━━━ DATA SUPPLIED

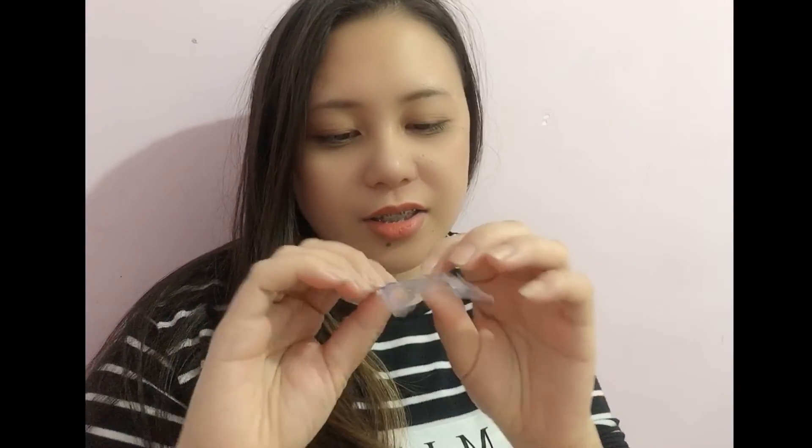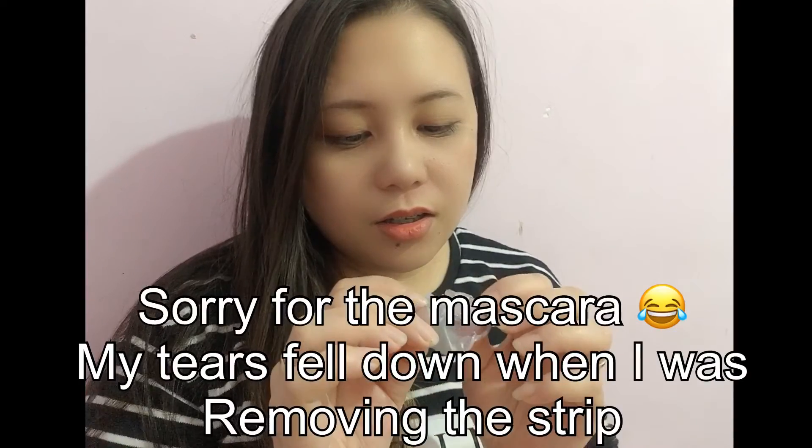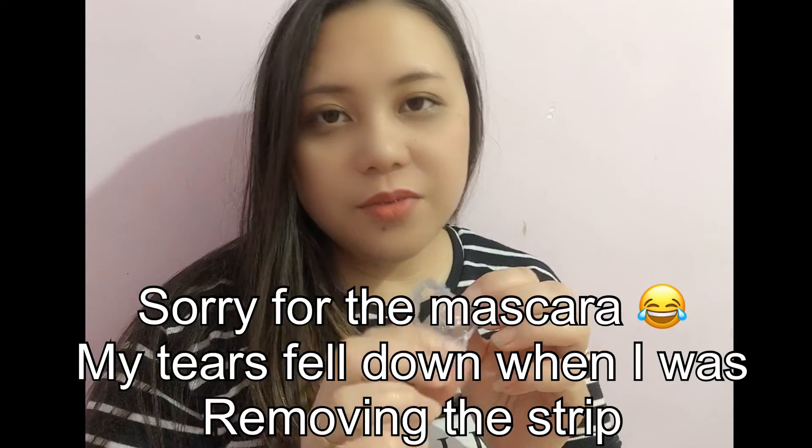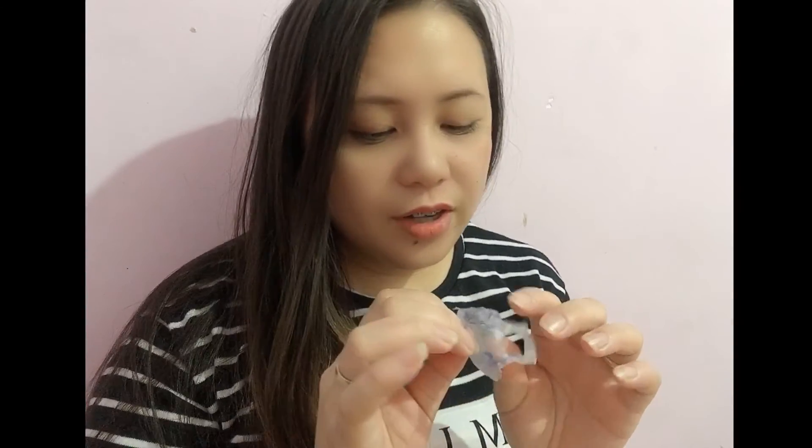It's painful like other strips, and I didn't see much blackheads. But in the case of my husband, it extracted a little bit of blackheads.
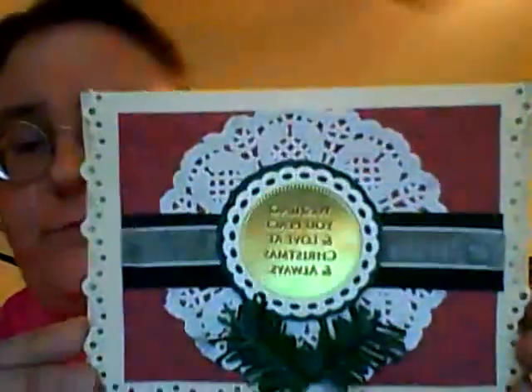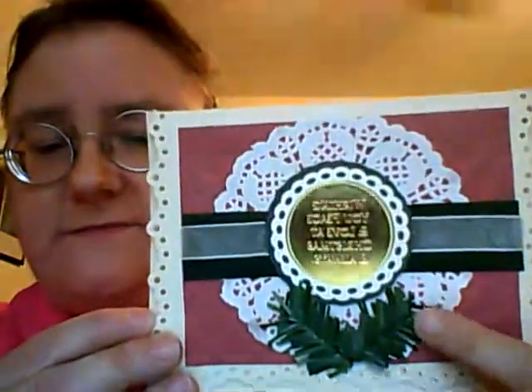On the back of them I've signed every card. These are going to be about five dollars a piece. This one says Wishing you peace and love at Christmas and always. Beautiful card with a doily and sprigs — not real obviously, but little sprigs — velvety suede paper and ribbon.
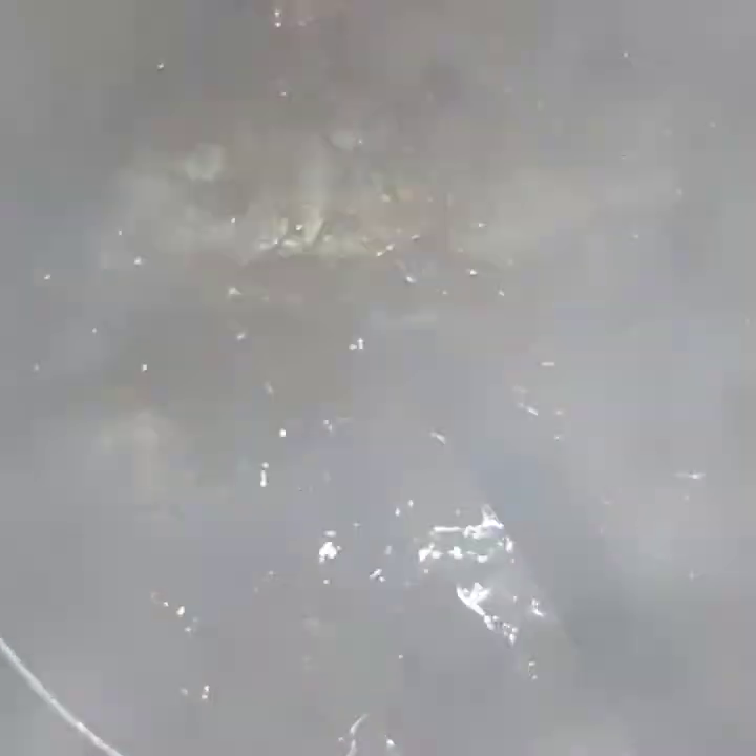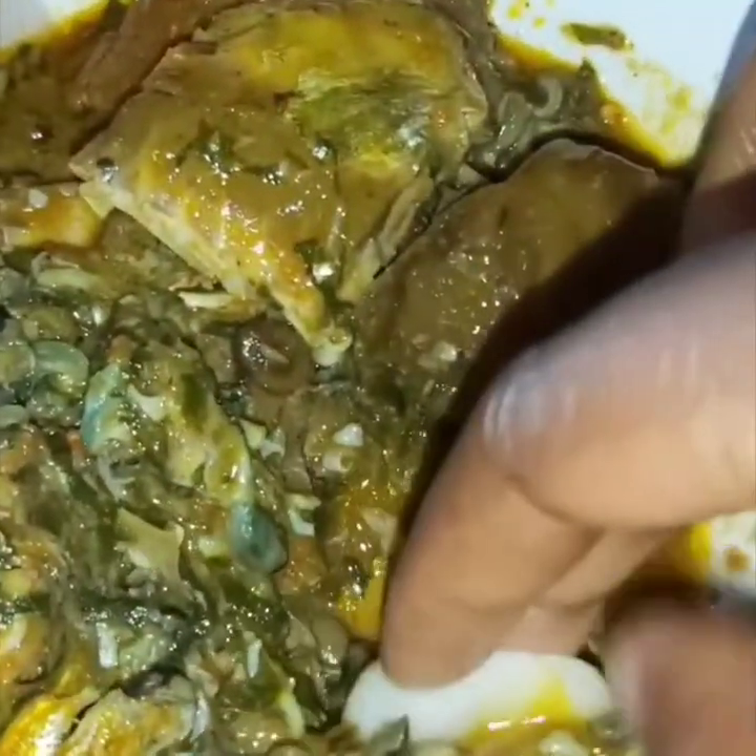I'll cover it to simmer on low heat for a few minutes, and now our soup is ready! You can see how beautiful it came out — everything is well cooked. I'm eating it with swallow already. Please try this recipe, like and subscribe to my YouTube channel. I love you guys, bye!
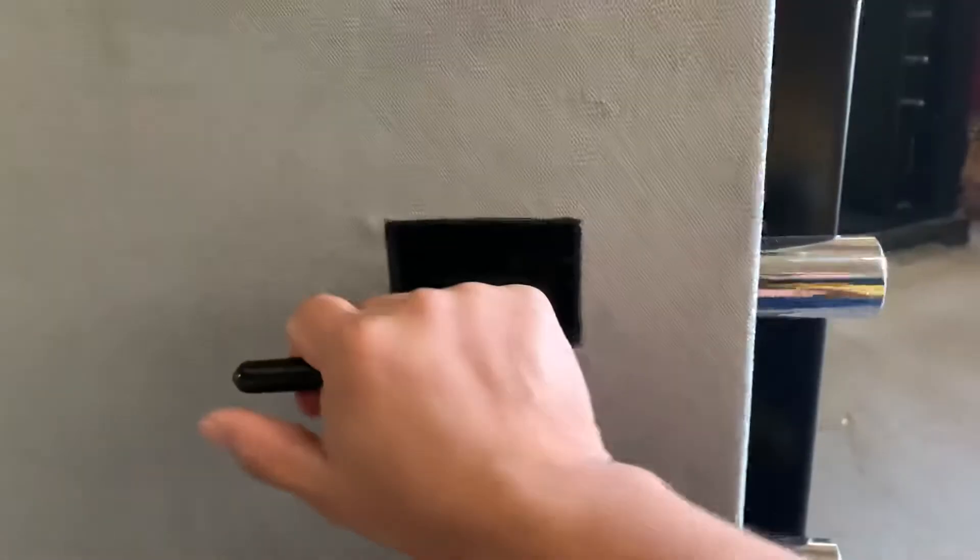The door comes with an internal release handle. As you can see, this overrides the lock from the front. All you do is turn it and you see the bolts go in and out, and then it locks up automatically.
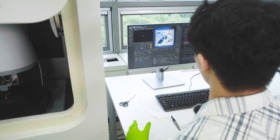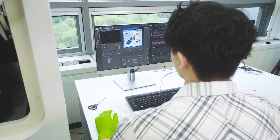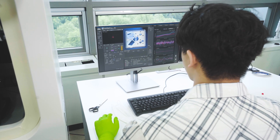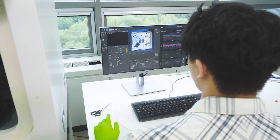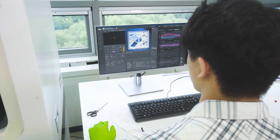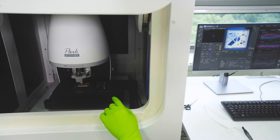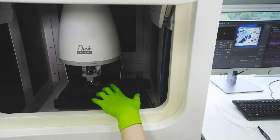Now we just need to move the probe hand over the sample — move to center like this, and then press go to. And we can see here that the position is now over the sample.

━━━━━━

> _THE PROBLEM_
Return the full set of lines above word for word and with no pictures.

> _OUTPUT FOR THIS EXERCISE_
It's painful like other strips, and I didn't see much blackheads. But in the case of my husband, it extracted a little bit of blackheads.
On the back of them I've signed every card. These are going to be about five dollars a piece. This one says Wishing you peace and love at Christmas and always. Beautiful card with a doily and sprigs — not real obviously, but little sprigs — velvety suede paper and ribbon.
I'll cover it to simmer on low heat for a few minutes, and now our soup is ready! You can see how beautiful it came out — everything is well cooked. I'm eating it with swallow already. Please try this recipe, like and subscribe to my YouTube channel. I love you guys, bye!
The door comes with an internal release handle. As you can see, this overrides the lock from the front. All you do is turn it and you see the bolts go in and out, and then it locks up automatically.
Now we just need to move the probe hand over the sample — move to center like this, and then press go to. And we can see here that the position is now over the sample.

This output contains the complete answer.